Short text fragments from websites:
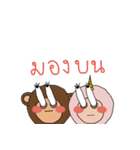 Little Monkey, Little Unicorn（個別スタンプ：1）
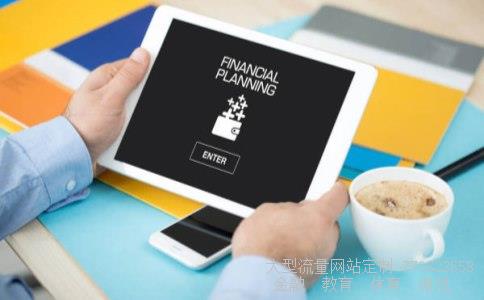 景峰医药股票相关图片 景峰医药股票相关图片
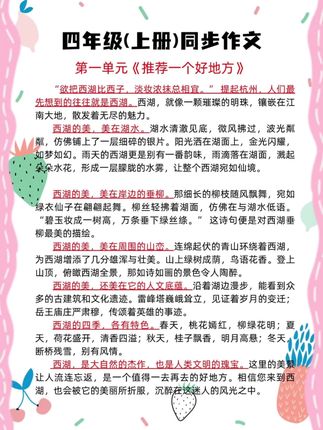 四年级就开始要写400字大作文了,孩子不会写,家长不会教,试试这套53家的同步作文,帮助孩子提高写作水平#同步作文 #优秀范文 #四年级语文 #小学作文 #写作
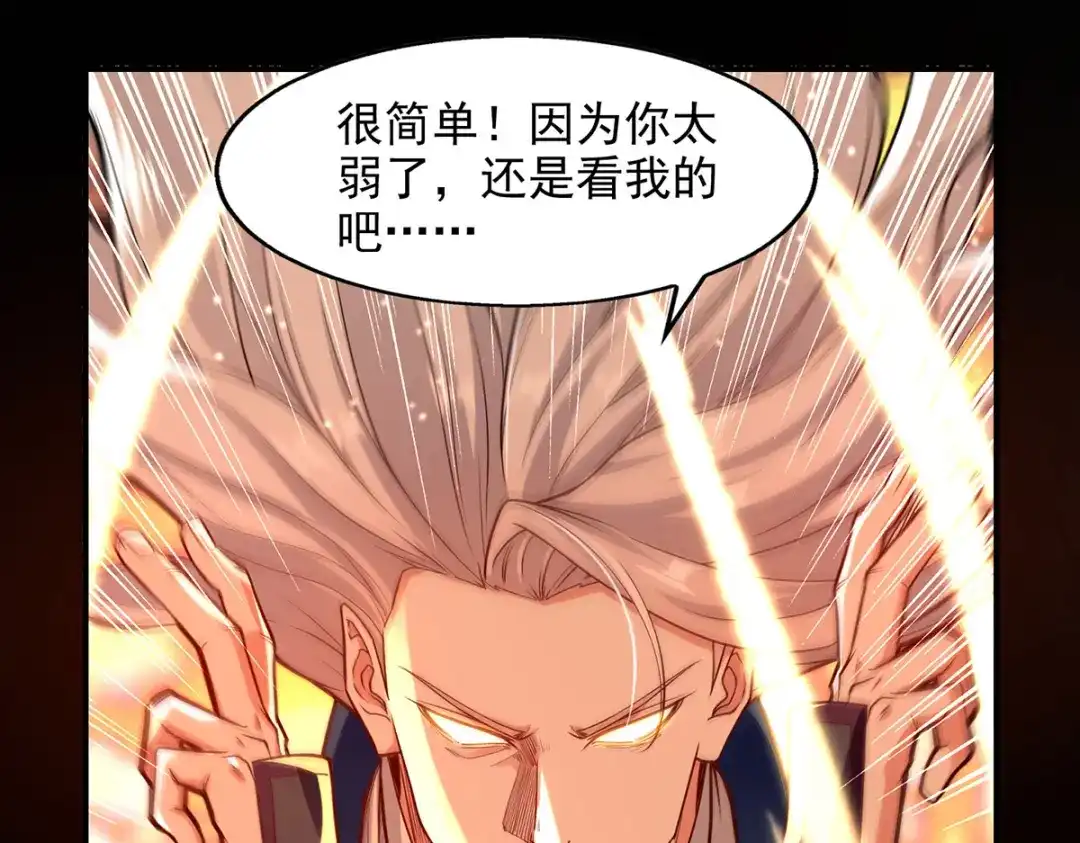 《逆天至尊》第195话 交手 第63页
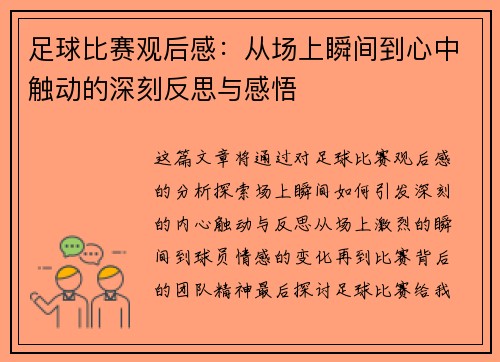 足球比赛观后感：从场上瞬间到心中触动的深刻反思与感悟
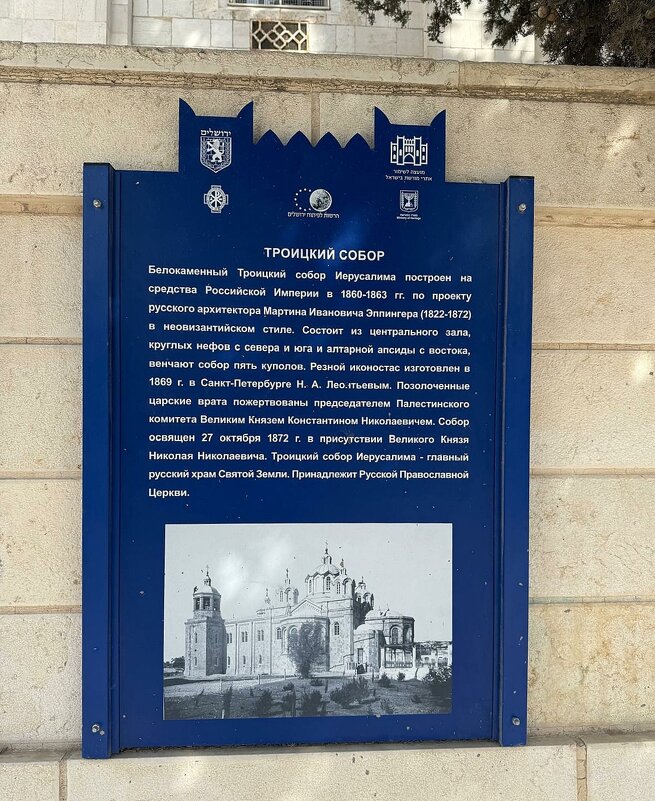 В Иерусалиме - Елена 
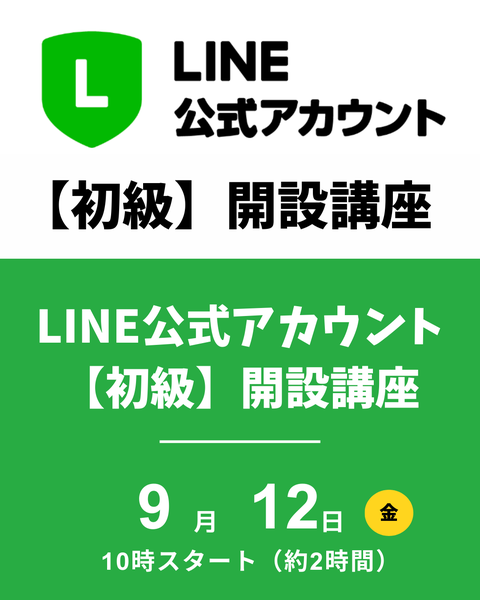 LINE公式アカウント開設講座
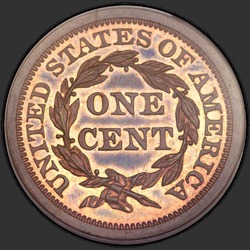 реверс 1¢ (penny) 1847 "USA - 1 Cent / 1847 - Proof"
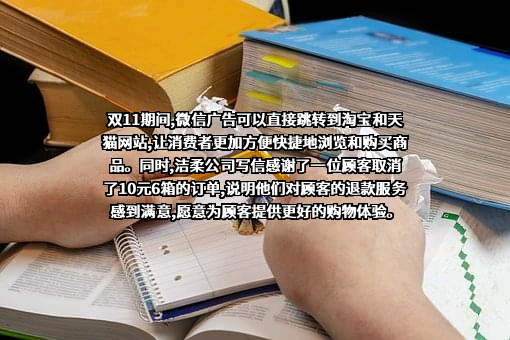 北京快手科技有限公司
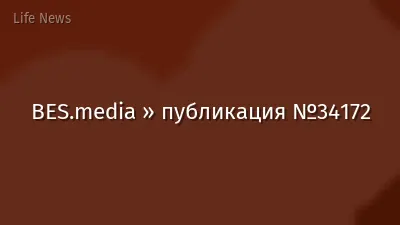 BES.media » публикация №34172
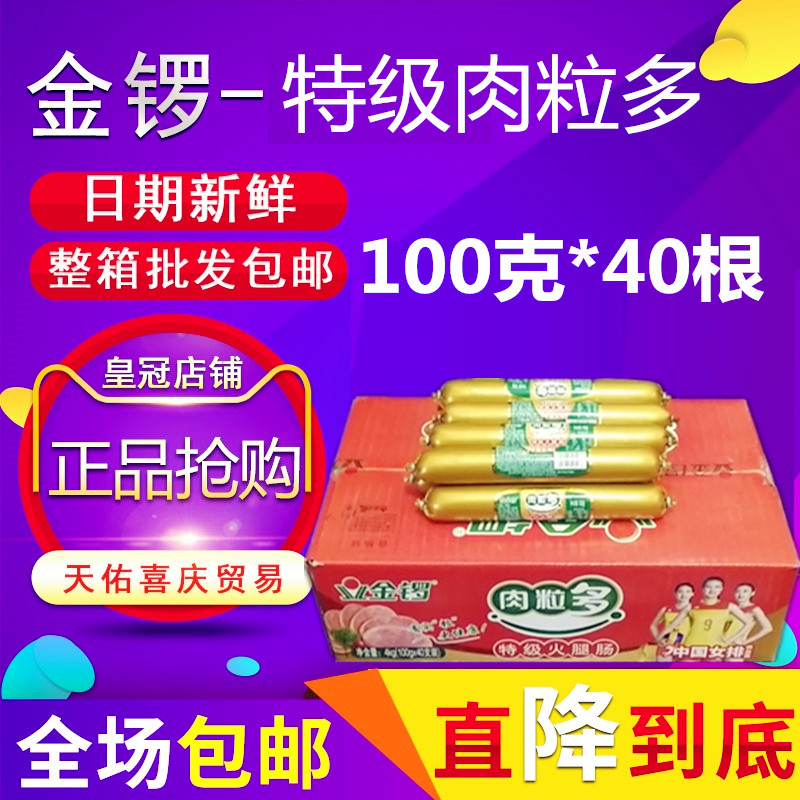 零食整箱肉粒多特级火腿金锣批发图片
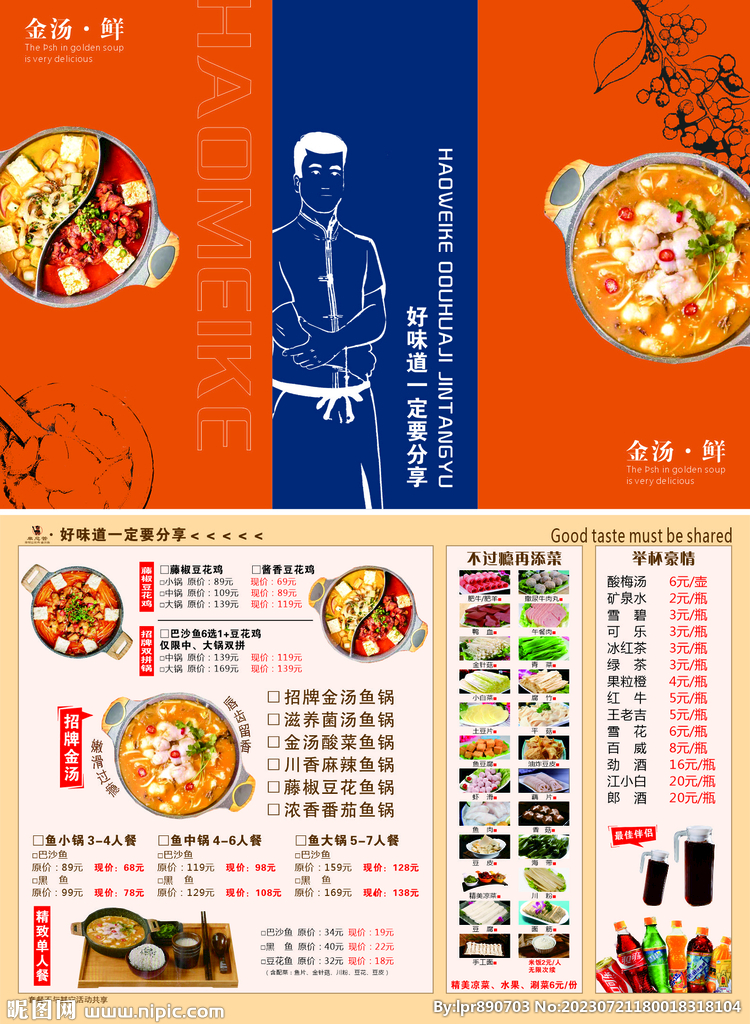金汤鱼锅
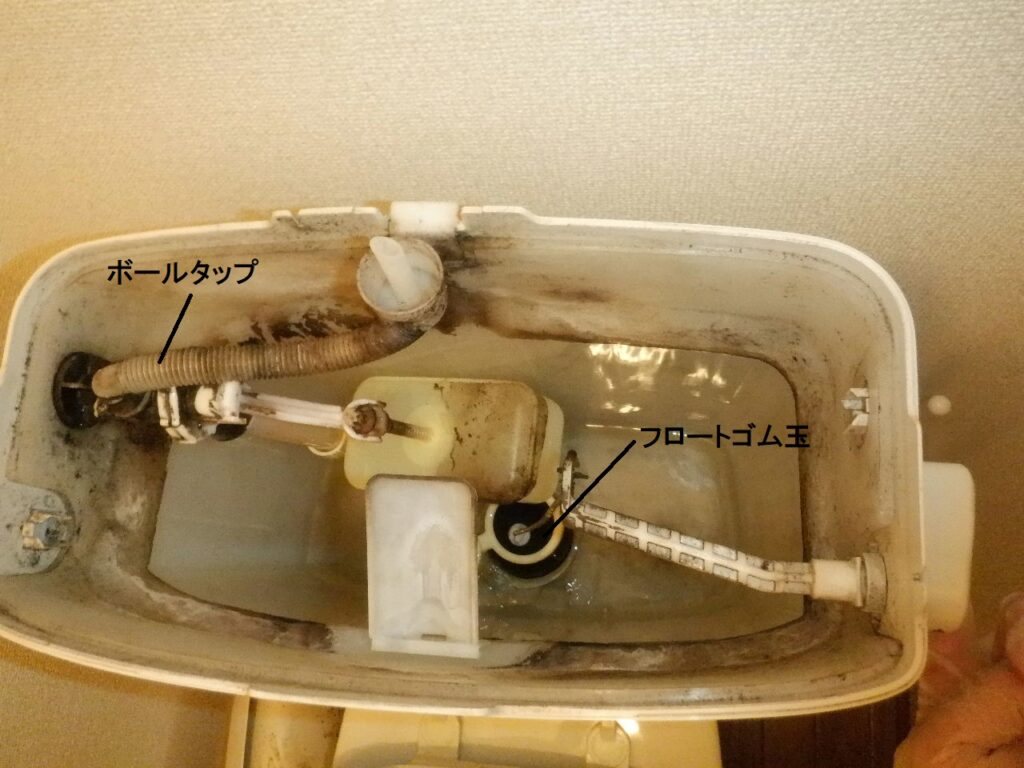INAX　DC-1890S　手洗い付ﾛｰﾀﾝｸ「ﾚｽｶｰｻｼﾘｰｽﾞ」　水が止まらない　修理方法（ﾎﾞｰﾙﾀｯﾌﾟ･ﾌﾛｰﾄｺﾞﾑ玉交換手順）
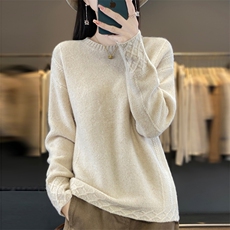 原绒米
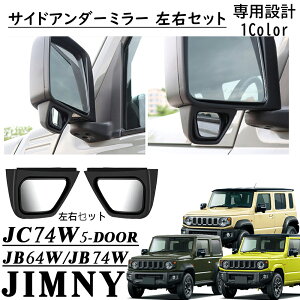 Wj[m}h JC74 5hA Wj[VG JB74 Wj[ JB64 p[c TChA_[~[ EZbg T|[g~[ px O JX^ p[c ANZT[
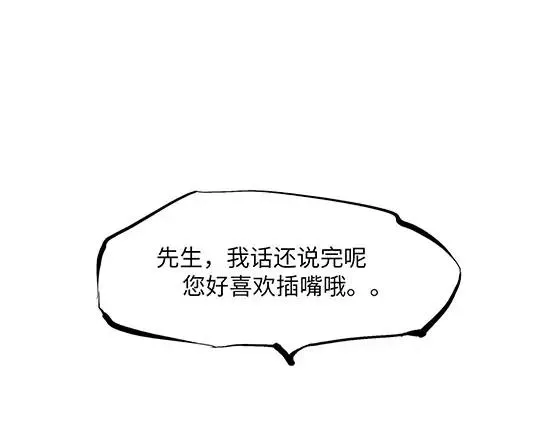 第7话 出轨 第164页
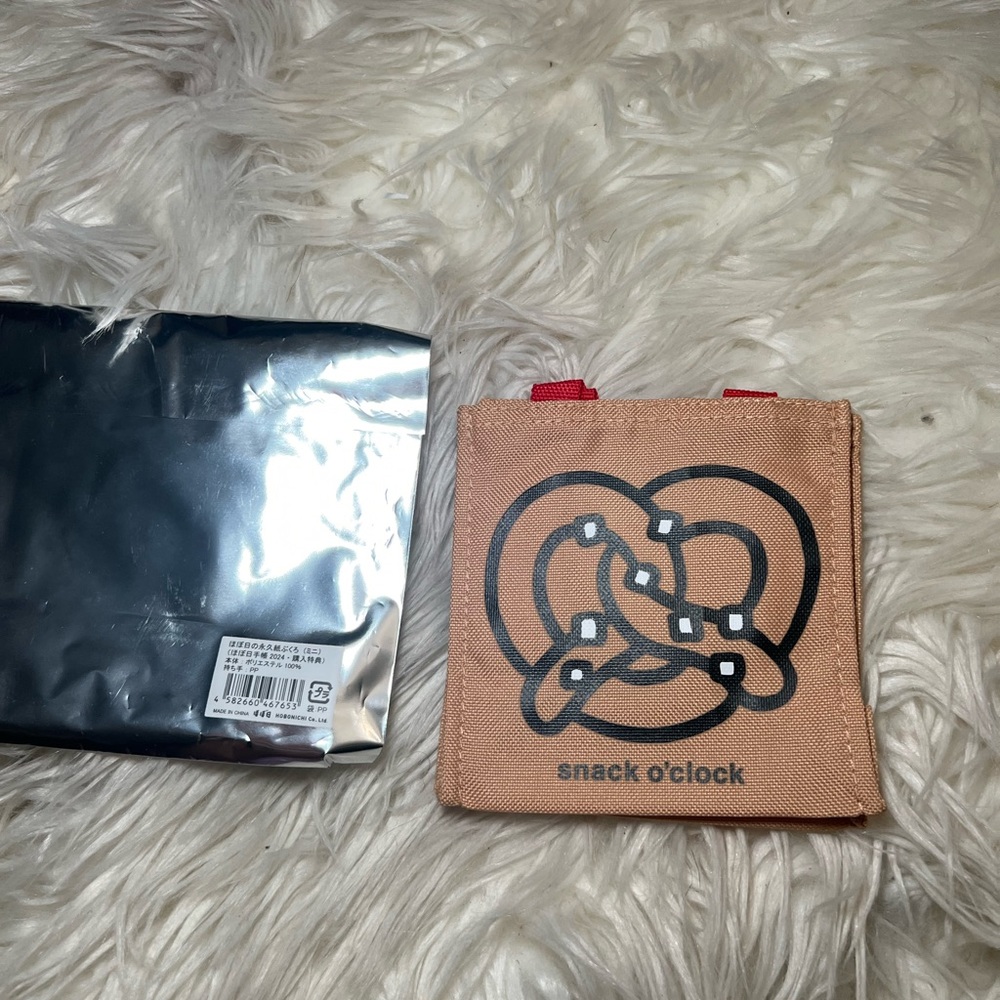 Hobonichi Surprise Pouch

**Work to complete**: Transcribe every record exactly and omit each image.

**Solution**:
 Little Monkey, Little Unicorn（個別スタンプ：1）
 景峰医药股票相关图片 景峰医药股票相关图片
 四年级就开始要写400字大作文了,孩子不会写,家长不会教,试试这套53家的同步作文,帮助孩子提高写作水平#同步作文 #优秀范文 #四年级语文 #小学作文 #写作
 《逆天至尊》第195话 交手 第63页
 足球比赛观后感：从场上瞬间到心中触动的深刻反思与感悟
 В Иерусалиме - Елена 
 LINE公式アカウント開設講座
 реверс 1¢ (penny) 1847 "USA - 1 Cent / 1847 - Proof"
 北京快手科技有限公司
 BES.media » публикация №34172
 零食整箱肉粒多特级火腿金锣批发图片
金汤鱼锅
INAX　DC-1890S　手洗い付ﾛｰﾀﾝｸ「ﾚｽｶｰｻｼﾘｰｽﾞ」　水が止まらない　修理方法（ﾎﾞｰﾙﾀｯﾌﾟ･ﾌﾛｰﾄｺﾞﾑ玉交換手順）
 原绒米
 Wj[m}h JC74 5hA Wj[VG JB74 Wj[ JB64 p[c TChA_[~[ EZbg T|[g~[ px O JX^ p[c ANZT[
 第7话 出轨 第164页
 Hobonichi Surprise Pouch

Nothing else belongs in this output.